An effective apology has to be heartfelt. It must also satisfy the wronged person that the person apologising has done everything possible to redress the wrong and reveal the truth.
That is why David Cameron's apology for Bloody Sunday was so well-received in Londonderry and his equally frank apology for Pat Finucane's shooting did not satisfy Mr Finucane's family.
It is also why Gerry Adams's apology for the IRA murders of gardai put his credibility and sincerity under scrutiny.
Mr Adams (right) denies ever being in the IRA. If that is true, why apologise?
Why did he campaign for the early release of Garda killers?
Why not also apologise for the murder of RUC officers by the IRA while he is at it?
Why not disown republican ballads which commemorate past killings?

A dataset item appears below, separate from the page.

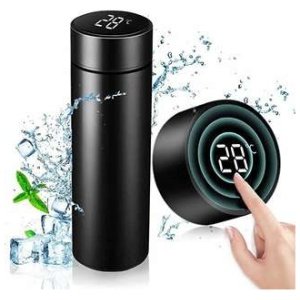 Termo Digital Gispack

The questions only multiplied after he raised the issue in the Dail.
It smacks of political expediency; he couldn't condemn the murder of one garda without mentioning others.
Since their killing was against the IRA's stated policy, he could just about manage an apology - but not a condemnation.
Killing RUC members was IRA policy, so only a "recognition of suffering" is considered appropriate for those deaths.
"There is no hierarchy of victims," Sinn Fein insists. It wants equal treatment for the IRA's dead.
Yet maintaining these carefully modulated distinctions shows they operated one.